Le nouveau gouvernement n'est pas encore connu, mais à lire les dernières prévisions de l'Insee publiées lundi, il ne pourra pas compter sur une période de grâce. Après avoir déjà revu à 0,2 % contre 0,3 % la croissance tricolore au printemps, l'institut de la statistique a en effet légèrement abaissé ses projections pour le second semestre de l'année 2024.

Selon ses nouvelles estimations, l'économie française, portée par les Jeux Olympiques de Paris, progresserait de 0,4 % au troisième trimestre, et non pas de 0,5 % comme il l'envisageait en juillet. Elle se contracterait ensuite de 0,1 % au quatrième trimestre.
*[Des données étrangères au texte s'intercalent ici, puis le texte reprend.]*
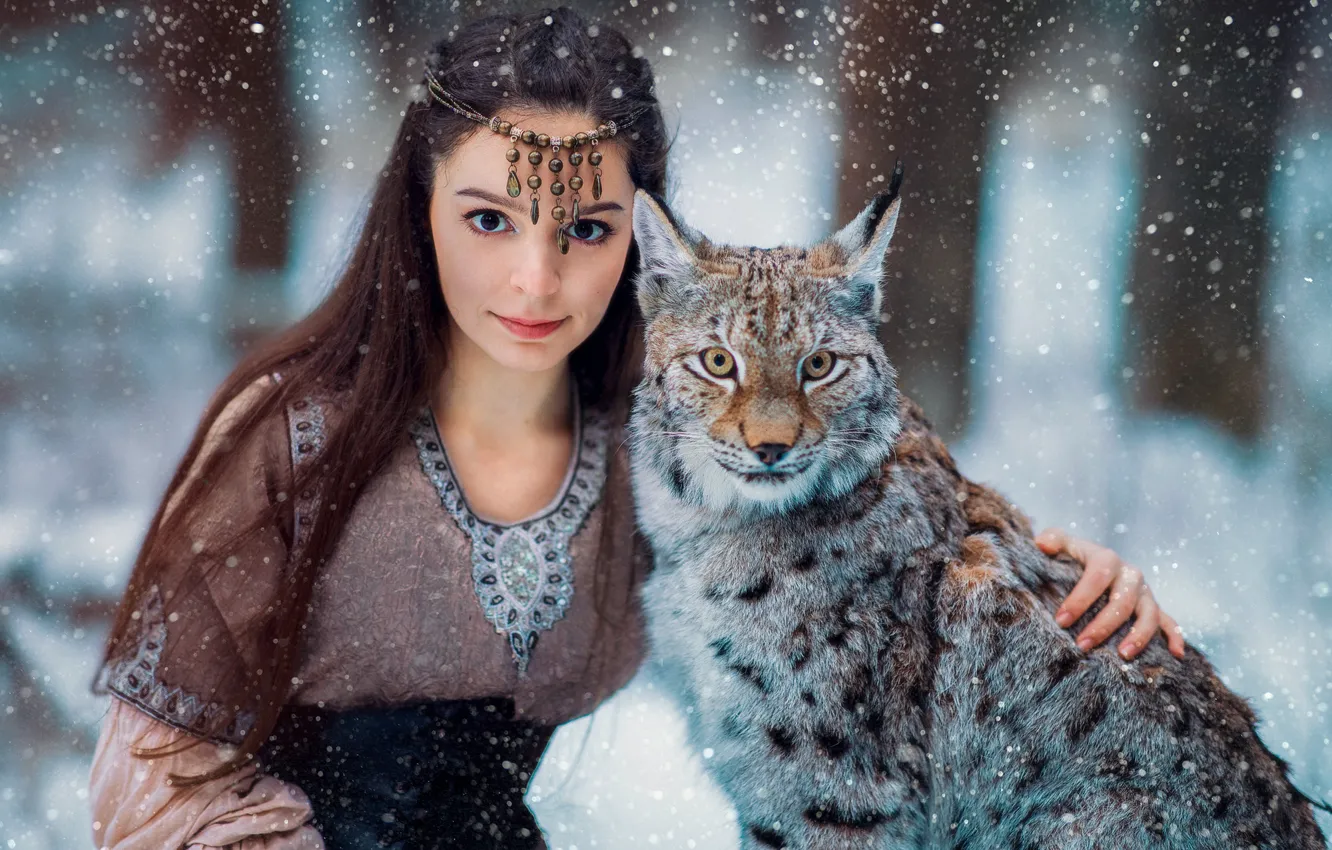 Photo wallpaper look, girl, snow, face, each, lynx, wild cat, long hair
La croissance française ressortirait néanmoins à 1,1 % cette année, soit un peu plus que ce que prévoyait le gouvernement Attal (1 %).

Une contribution de 0,9 point au PIB

A l'heure de s'atteler à la préparation du budget 2025, le nouveau Premier ministre Michel Barnier va donc devoir composer avec une activité sans élan au vu de laquelle la prévision d'une hausse du PIB de 1,4 % l'an prochain inscrite dans le programme de stabilité transmis à Bruxelles semble déjà caduque. Dans une note publiée la semaine dernière, le Trésor fait d'ailleurs état d'une nouvelle prévision de croissance de 1,1 % pour 2024 et 2025. Les orientations budgétaires du futur gouvernement auront en outre un impact sur la trajectoire économique du pays.
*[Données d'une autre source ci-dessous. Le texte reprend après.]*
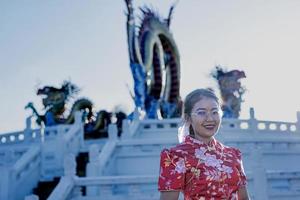 feliz Año Nuevo Chino. mujer asiática con vestido tradicional cheongsam qipao. foto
Pour l'Insee, en 2024, c'est le commerce extérieur qui doit assurer l'essentiel de la croissance en contribuant à hauteur de 0,9 point au PIB. Si les JO devraient apporter leur écot avec des revenus tirés du tourisme, cette performance tient surtout au dynamisme des livraisons aéronautique et navale à l'étranger. Un soutien dont l'Hexagone devrait encore bénéficier l'an prochain.

L'évolution de la demande intérieure apparaît, quant à elle, nettement plus incertaine. « Au deuxième trimestre, elle a été à l'arrêt pour le troisième trimestre consécutif », rappellent les prévisionnistes de l'Institut de la statistique. Une fois retirée la dynamique des JO, l'activité a été un peu plus faible que prévu, notent-ils par ailleurs. Le climat d'incertitude politique des derniers mois a laissé des traces. « Les entreprises ont appuyé sur le frein . Dans les enquêtes, elles sont de plus en plus nombreuses à déclarer revoir à la baisse leurs projets d'investissement », a commenté Dorian Roucher, chef du département conjoncture de l'Insee, qui observe que les carnets de commandes dans des secteurs comme les biens d'équipement ou l'information communication sont « beaucoup moins garnis ».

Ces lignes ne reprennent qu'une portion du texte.